Once again, the Archdiocese of Washington and the neighboring Diocese of Arlington are encouraging people to receive this wellspring of God’s mercy in the “Light is ON for You” campaign. Desiring to show God’s tenderness to all who seek it, in addition to the usual times for Confession, churches throughout the area will be open Wednesday evenings during Lent for people to receive this healing grace. Please visit our special website to learn more.

The grace given in Confession is a blessing for others as well as ourselves. In this year’s Message for Lent, Pope Francis explains that “God’s mercy transforms human hearts; it enables us, through the experience of a faithful love, to become merciful in turn. In an ever new miracle, divine mercy shines forth in our lives, inspiring each of us to love our neighbor and to devote ourselves to what the Church’s tradition calls the spiritual and corporal works of mercy.”

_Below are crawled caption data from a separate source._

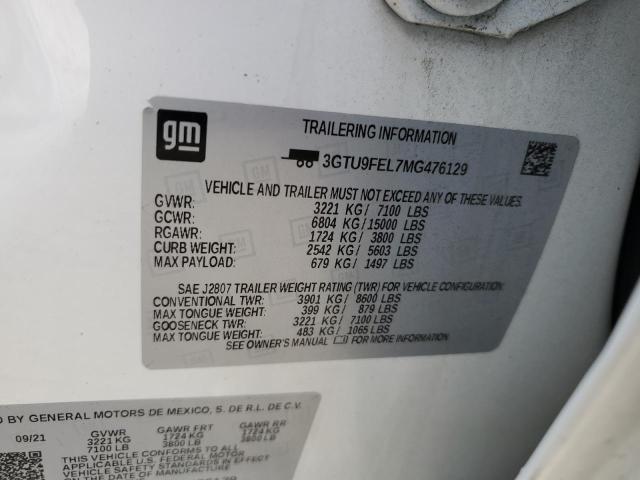 2021 GMC SIERRA K1500 DENALI 3GTU9FEL7MG476129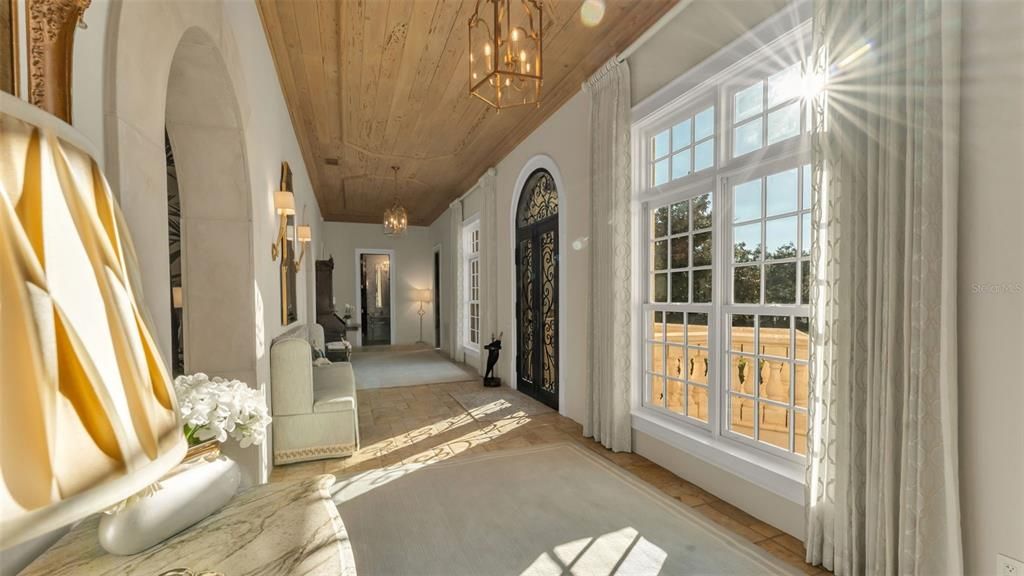 Interior, Pendant Lights, Wooden Ceilings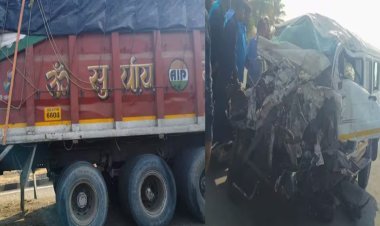 टायर फुटलं अन् नियंत्रण सुटलेली क्रूझर थेट दुसऱ्या लेनवर,थरारक अपघाताचे फोटो समोर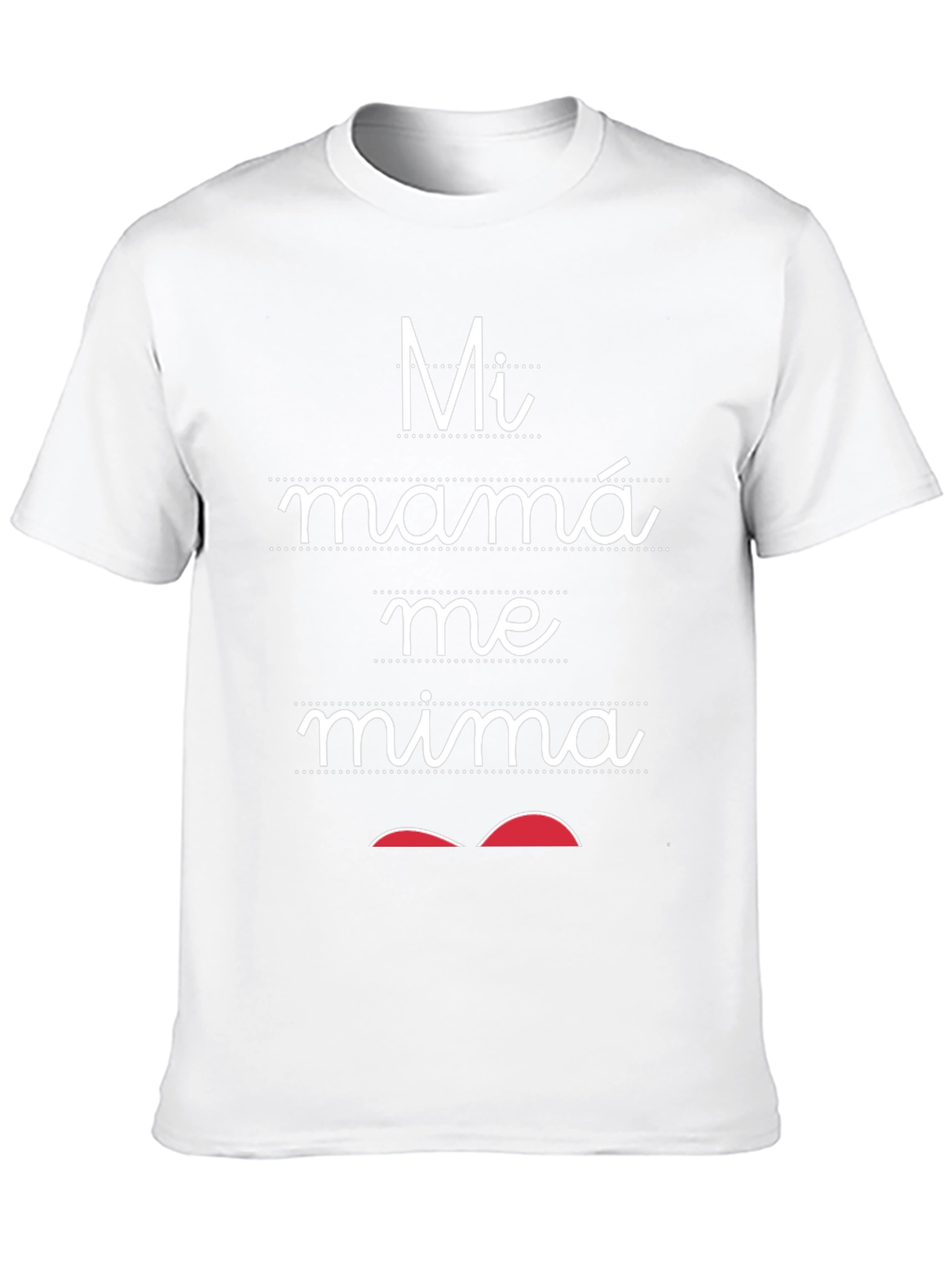Mi Mama Me Mima T-Shirt - Mothers Day Gift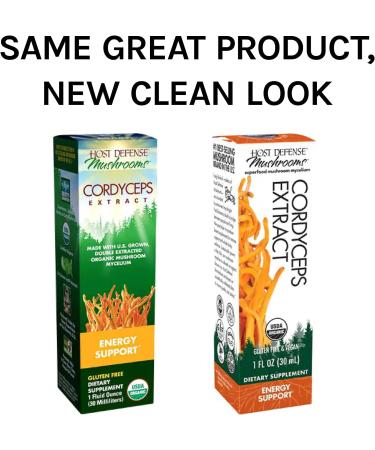 Host Defense Cordyceps Extract 1 fl oz - Energy & Stamina Support Mushroom Supplement - Buy Online on GoSupps.com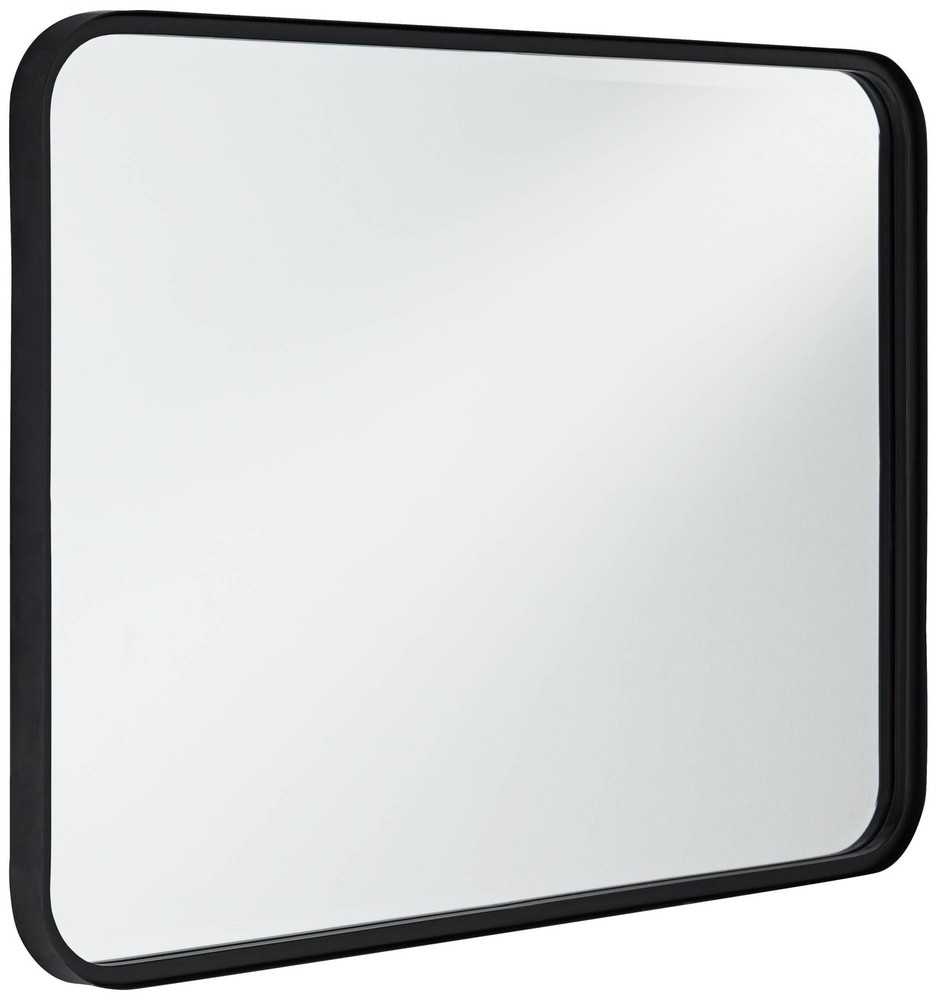 Soren Black 24" x 34" Rounded Edge Rectangular Mirrors Set of 2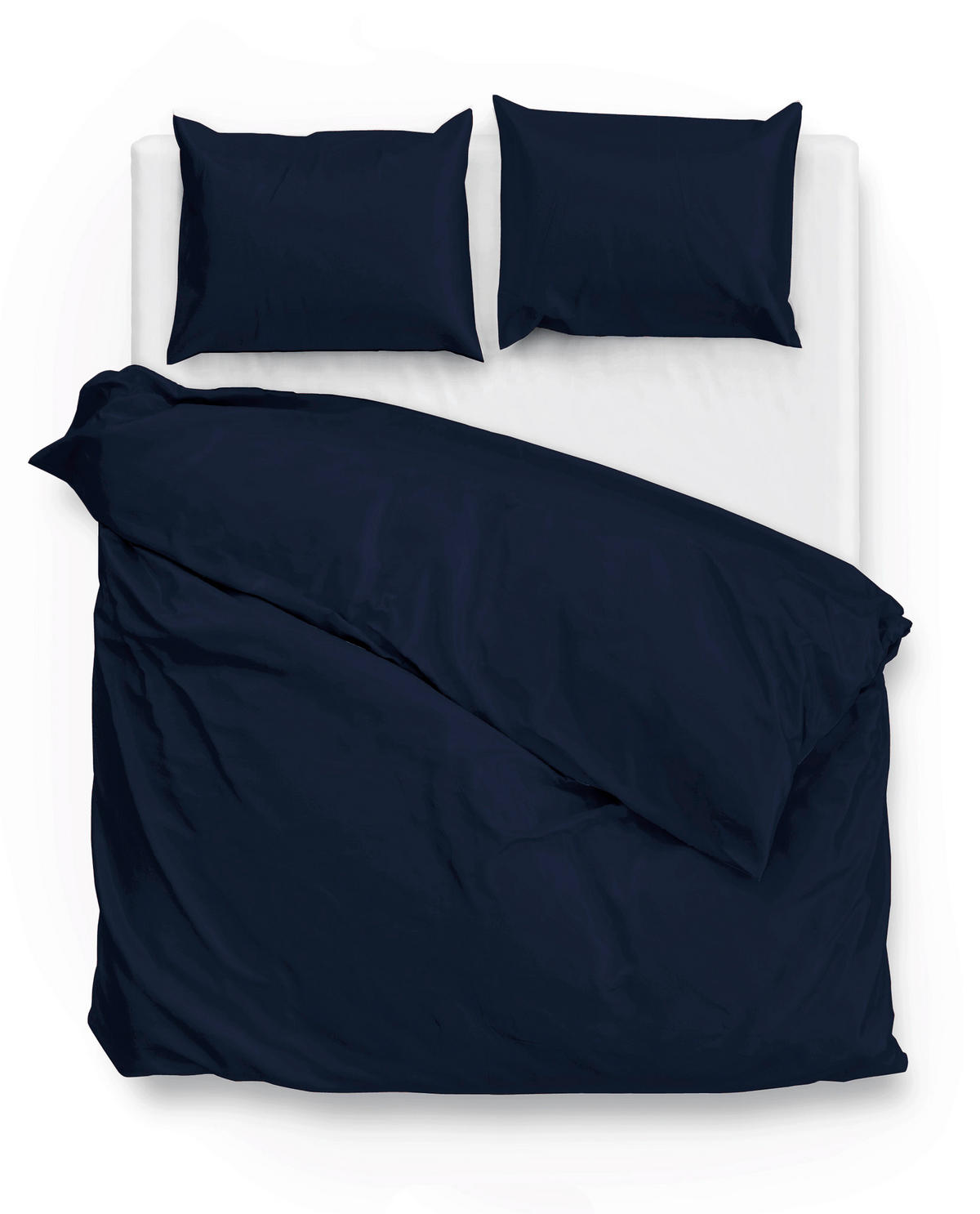 BETTWÄSCHE Satinado Makosatin 200/200 cm  - Dunkelblau, Basics, Textil (200/200cm)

Jesus said he came to give sight to the blind (John 9:39). How often in our own lives do we fail to really see those around us who are in need of assistance? Lent prompts us to recognize this failing and overcome it through being merciful to others.

“In the corporal works of mercy we touch the flesh of Christ in our brothers and sisters who need to be fed, clothed, sheltered, visited; in the spiritual works of mercy – counsel, instruction, forgiveness, admonishment and prayer – we touch more directly our own sinfulness,” Pope Francis writes. “By touching the flesh of the crucified Jesus in the suffering, sinners can receive the gift of realizing that they too are poor and in need.”

The archdiocese’s special #EncounterMercy website shares resources and reflections on our need for God’s mercy and how that mercy might be extended to others. There you will find information about parish activities, regional missions of mercy, and how to join in the ongoing Walk with Francis initiative.

Lent, like any journey, begins with making sure we are traveling in the right direction. Humbly recognizing our need for conversion, our hearts are opened to receiving the transformative love and mercy of God, which in turn is radiated to those around us. In this way, we can live out the theme of this Jubilee and be “Merciful like the Father,” whose door of mercy is always open us, and who in turn opens our hearts to forgiving and loving others.